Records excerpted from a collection
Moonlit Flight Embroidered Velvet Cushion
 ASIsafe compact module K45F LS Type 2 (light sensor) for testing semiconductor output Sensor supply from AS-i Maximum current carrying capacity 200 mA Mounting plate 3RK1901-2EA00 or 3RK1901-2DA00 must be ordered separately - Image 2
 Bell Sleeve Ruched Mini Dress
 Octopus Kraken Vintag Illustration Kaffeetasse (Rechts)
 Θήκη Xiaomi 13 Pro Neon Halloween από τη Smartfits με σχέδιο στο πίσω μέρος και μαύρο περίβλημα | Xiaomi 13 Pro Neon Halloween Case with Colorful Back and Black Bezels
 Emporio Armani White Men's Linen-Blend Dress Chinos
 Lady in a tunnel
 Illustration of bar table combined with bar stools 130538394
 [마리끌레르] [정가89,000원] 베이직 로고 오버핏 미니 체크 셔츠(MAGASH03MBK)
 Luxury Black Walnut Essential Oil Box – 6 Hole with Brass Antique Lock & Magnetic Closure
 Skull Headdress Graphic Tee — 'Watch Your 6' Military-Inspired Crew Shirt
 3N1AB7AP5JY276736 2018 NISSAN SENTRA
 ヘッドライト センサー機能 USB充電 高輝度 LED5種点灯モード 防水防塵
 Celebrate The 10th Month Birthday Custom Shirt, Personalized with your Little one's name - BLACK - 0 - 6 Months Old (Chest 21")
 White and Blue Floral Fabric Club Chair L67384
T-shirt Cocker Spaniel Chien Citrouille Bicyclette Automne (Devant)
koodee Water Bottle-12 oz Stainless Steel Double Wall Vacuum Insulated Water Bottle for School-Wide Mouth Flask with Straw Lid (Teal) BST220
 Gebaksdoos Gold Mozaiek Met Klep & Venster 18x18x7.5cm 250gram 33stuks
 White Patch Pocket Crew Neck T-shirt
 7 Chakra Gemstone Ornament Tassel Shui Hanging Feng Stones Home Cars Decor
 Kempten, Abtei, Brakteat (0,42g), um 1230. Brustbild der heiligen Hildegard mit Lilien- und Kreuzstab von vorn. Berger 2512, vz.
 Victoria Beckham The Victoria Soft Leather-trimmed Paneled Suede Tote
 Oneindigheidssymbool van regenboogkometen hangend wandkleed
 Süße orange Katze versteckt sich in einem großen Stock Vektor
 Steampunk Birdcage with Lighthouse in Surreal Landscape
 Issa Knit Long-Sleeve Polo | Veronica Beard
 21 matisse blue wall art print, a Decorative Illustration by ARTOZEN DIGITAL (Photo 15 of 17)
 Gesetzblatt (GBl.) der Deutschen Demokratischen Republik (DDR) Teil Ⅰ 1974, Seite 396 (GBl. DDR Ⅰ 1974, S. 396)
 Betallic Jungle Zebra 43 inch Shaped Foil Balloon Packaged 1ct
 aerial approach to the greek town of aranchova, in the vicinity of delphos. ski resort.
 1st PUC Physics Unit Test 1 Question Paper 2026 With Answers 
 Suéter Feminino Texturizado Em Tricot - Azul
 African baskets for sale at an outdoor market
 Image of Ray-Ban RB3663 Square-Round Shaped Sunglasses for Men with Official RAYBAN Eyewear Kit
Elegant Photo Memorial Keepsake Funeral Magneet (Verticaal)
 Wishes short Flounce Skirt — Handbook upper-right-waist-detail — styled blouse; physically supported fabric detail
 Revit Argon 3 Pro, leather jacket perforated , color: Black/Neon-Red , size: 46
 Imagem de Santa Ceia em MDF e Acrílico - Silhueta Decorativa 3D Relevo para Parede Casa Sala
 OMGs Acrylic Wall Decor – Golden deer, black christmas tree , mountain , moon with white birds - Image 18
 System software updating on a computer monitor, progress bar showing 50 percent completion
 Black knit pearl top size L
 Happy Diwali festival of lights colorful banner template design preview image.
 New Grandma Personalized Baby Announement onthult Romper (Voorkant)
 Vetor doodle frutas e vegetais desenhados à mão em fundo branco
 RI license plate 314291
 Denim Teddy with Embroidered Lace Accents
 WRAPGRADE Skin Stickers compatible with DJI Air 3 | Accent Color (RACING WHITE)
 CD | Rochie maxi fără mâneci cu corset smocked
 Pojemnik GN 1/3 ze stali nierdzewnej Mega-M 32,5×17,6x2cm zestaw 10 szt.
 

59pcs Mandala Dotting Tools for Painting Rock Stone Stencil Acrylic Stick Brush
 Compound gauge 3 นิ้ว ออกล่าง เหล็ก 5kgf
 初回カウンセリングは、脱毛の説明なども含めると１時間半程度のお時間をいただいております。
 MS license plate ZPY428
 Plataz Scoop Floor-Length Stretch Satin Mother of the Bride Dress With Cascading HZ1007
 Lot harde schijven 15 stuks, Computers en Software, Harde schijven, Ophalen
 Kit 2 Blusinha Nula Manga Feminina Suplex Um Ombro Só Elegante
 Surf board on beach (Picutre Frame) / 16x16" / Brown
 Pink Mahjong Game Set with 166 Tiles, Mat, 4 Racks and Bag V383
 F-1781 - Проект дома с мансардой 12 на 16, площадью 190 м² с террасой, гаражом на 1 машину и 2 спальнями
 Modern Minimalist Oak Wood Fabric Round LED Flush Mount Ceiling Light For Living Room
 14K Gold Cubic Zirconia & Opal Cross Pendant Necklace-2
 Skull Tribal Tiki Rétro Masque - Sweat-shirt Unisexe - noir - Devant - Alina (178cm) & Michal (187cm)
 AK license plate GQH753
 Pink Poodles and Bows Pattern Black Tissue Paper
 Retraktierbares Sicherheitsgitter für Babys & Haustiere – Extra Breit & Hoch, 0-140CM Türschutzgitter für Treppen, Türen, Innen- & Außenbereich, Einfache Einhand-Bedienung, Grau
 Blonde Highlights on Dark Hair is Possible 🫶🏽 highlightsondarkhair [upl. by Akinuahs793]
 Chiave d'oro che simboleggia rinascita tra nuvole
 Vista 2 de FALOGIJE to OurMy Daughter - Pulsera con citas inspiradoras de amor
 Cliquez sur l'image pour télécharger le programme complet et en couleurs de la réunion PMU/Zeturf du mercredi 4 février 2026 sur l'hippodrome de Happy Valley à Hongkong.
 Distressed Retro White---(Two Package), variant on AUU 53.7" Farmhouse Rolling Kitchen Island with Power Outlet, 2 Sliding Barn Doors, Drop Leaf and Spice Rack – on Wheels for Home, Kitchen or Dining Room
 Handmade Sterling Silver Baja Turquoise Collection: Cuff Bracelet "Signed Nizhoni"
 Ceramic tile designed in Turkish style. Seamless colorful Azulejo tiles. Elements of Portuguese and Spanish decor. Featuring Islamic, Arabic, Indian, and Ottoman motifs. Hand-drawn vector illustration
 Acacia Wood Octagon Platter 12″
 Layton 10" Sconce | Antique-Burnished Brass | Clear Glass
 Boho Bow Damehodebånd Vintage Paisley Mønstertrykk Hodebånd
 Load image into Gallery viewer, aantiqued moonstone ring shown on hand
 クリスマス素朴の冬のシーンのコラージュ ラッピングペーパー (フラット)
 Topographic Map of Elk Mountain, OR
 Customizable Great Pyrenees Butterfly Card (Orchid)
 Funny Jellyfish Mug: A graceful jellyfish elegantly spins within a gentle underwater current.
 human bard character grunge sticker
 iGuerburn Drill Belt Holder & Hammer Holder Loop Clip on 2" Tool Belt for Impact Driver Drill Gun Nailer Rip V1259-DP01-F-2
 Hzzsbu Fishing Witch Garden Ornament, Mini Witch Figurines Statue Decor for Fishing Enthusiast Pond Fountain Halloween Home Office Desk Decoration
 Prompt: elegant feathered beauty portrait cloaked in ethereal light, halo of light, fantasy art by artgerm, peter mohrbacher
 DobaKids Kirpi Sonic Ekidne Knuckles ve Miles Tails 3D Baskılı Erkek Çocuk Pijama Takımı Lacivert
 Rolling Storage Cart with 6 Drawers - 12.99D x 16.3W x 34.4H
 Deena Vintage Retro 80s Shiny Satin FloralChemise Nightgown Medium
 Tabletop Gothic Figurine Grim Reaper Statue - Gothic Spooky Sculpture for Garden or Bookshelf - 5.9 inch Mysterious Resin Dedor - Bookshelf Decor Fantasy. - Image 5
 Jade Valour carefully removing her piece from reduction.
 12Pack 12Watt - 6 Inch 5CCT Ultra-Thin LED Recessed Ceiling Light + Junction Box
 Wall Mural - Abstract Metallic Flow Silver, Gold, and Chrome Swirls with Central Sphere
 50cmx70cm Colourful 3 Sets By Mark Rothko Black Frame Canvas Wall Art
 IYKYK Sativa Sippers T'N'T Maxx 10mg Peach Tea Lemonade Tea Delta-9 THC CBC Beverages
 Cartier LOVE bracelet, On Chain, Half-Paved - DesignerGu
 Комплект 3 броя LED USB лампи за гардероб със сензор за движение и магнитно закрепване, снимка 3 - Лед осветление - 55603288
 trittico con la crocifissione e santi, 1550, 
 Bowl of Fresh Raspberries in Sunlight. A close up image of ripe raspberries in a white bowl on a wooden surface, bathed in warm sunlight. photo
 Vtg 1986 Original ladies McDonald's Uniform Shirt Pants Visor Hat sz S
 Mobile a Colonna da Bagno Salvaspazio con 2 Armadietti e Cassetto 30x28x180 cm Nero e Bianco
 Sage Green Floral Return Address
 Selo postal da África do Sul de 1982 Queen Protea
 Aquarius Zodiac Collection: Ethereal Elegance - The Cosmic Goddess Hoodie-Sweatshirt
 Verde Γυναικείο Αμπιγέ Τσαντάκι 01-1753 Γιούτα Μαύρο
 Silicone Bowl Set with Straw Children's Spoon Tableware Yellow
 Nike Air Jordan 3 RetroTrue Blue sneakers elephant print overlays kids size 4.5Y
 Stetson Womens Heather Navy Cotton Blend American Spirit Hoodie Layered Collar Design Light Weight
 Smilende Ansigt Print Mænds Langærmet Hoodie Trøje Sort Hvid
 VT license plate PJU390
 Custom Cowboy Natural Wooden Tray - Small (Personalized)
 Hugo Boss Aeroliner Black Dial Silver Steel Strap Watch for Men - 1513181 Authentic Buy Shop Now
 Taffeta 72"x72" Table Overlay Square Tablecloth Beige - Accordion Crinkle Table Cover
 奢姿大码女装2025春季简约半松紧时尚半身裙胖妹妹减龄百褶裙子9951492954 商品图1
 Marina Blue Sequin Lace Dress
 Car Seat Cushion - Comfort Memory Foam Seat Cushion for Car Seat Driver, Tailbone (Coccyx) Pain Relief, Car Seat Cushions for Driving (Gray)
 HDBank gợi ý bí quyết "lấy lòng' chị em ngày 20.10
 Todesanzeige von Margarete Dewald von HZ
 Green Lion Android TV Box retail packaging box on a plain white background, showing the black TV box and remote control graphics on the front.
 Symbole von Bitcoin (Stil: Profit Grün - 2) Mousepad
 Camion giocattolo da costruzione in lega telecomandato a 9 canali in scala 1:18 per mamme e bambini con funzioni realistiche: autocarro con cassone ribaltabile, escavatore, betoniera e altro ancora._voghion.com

**TASK TO CARRY OUT**
Starting from the line containing "Car Seat Cushion - Comfort", repeat each line through the end of the entries, exactly.

**ANSWER TO THIS TASK**
 Car Seat Cushion - Comfort Memory Foam Seat Cushion for Car Seat Driver, Tailbone (Coccyx) Pain Relief, Car Seat Cushions for Driving (Gray)
 HDBank gợi ý bí quyết "lấy lòng' chị em ngày 20.10
 Todesanzeige von Margarete Dewald von HZ
 Green Lion Android TV Box retail packaging box on a plain white background, showing the black TV box and remote control graphics on the front.
 Symbole von Bitcoin (Stil: Profit Grün - 2) Mousepad
 Camion giocattolo da costruzione in lega telecomandato a 9 canali in scala 1:18 per mamme e bambini con funzioni realistiche: autocarro con cassone ribaltabile, escavatore, betoniera e altro ancora._voghion.com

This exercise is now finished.